SUPPLIED MATERIAL.
========================

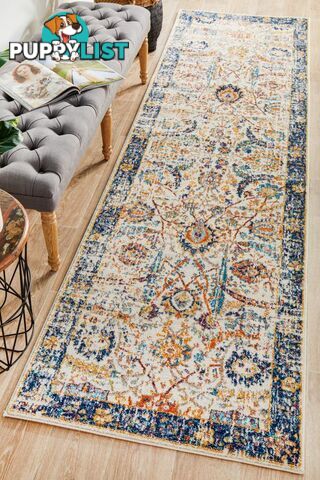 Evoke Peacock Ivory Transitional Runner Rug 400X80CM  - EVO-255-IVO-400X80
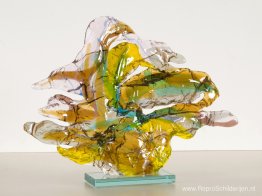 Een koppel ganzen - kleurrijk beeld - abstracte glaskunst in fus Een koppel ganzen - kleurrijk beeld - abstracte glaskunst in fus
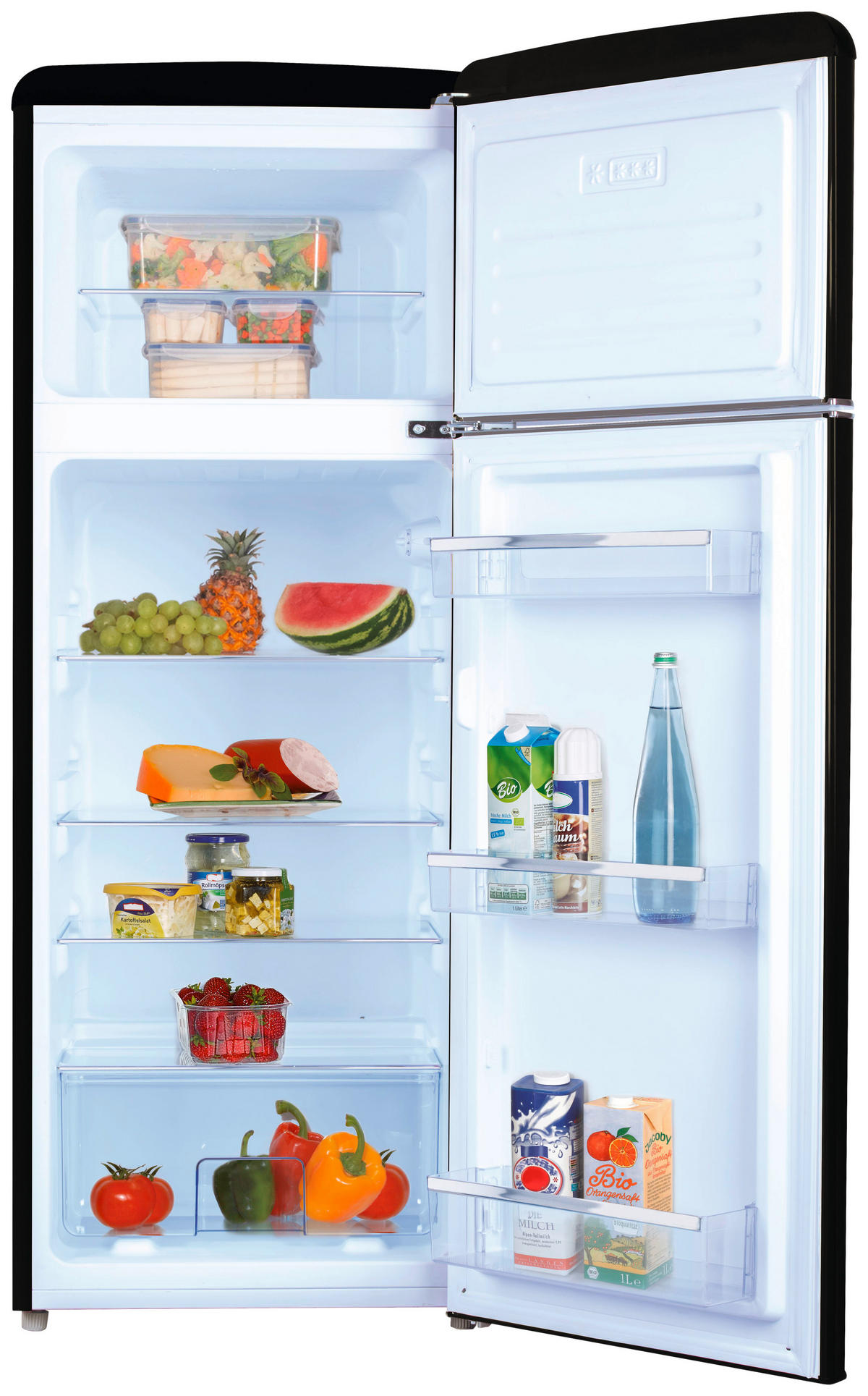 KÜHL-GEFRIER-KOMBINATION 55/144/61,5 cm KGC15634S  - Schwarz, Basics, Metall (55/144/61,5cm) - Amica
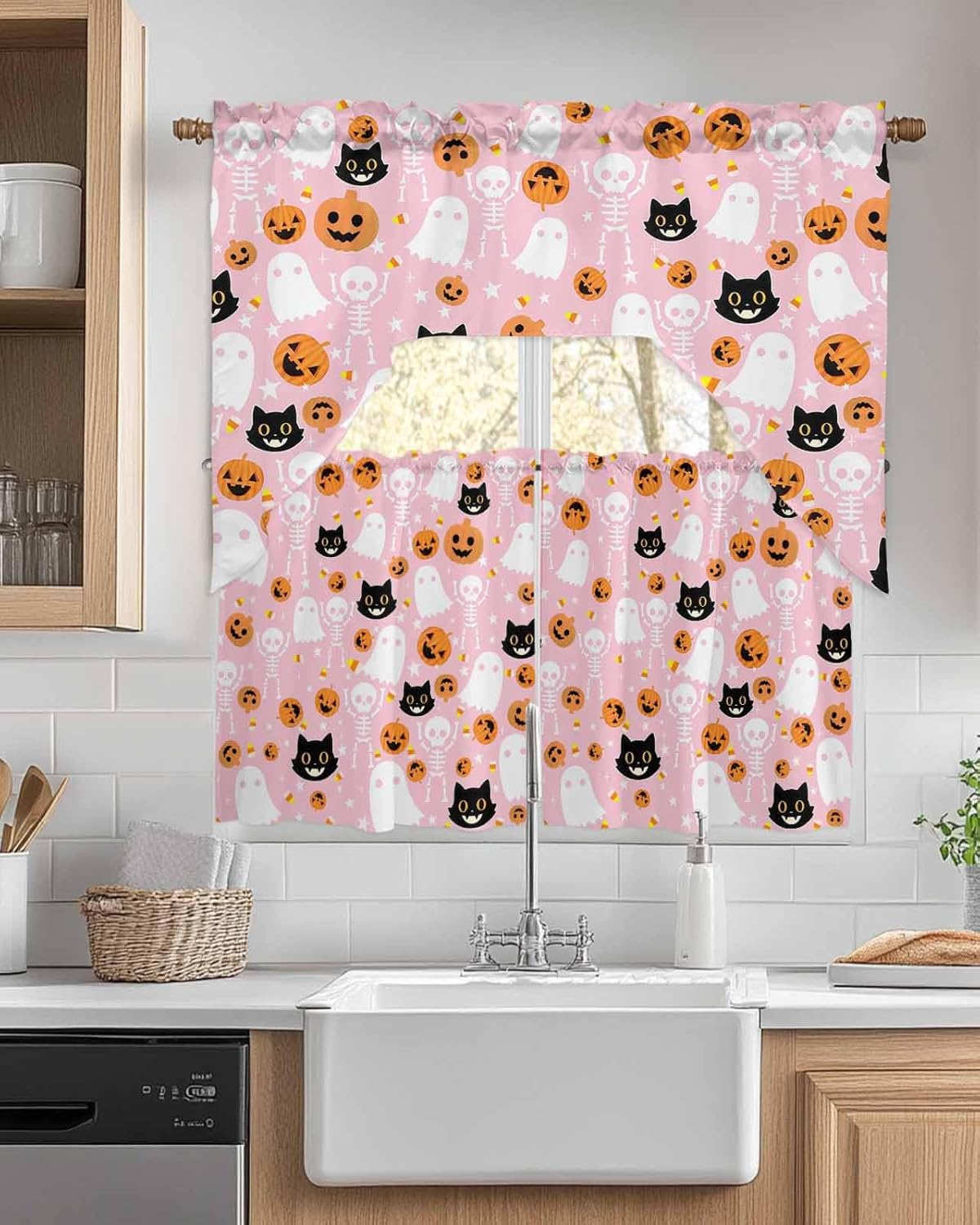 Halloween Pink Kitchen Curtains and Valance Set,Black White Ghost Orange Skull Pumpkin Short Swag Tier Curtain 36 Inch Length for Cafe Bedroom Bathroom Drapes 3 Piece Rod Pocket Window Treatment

========================

WHAT THIS TASK INVOLVES. Exclude all pictures and reproduce verbatim the lines running from the line that contains "fus Een koppel" to the end of the data above, both ends included.

RESPONSE BOX.
 Een koppel ganzen - kleurrijk beeld - abstracte glaskunst in fus Een koppel ganzen - kleurrijk beeld - abstracte glaskunst in fus
 KÜHL-GEFRIER-KOMBINATION 55/144/61,5 cm KGC15634S  - Schwarz, Basics, Metall (55/144/61,5cm) - Amica
 Halloween Pink Kitchen Curtains and Valance Set,Black White Ghost Orange Skull Pumpkin Short Swag Tier Curtain 36 Inch Length for Cafe Bedroom Bathroom Drapes 3 Piece Rod Pocket Window Treatment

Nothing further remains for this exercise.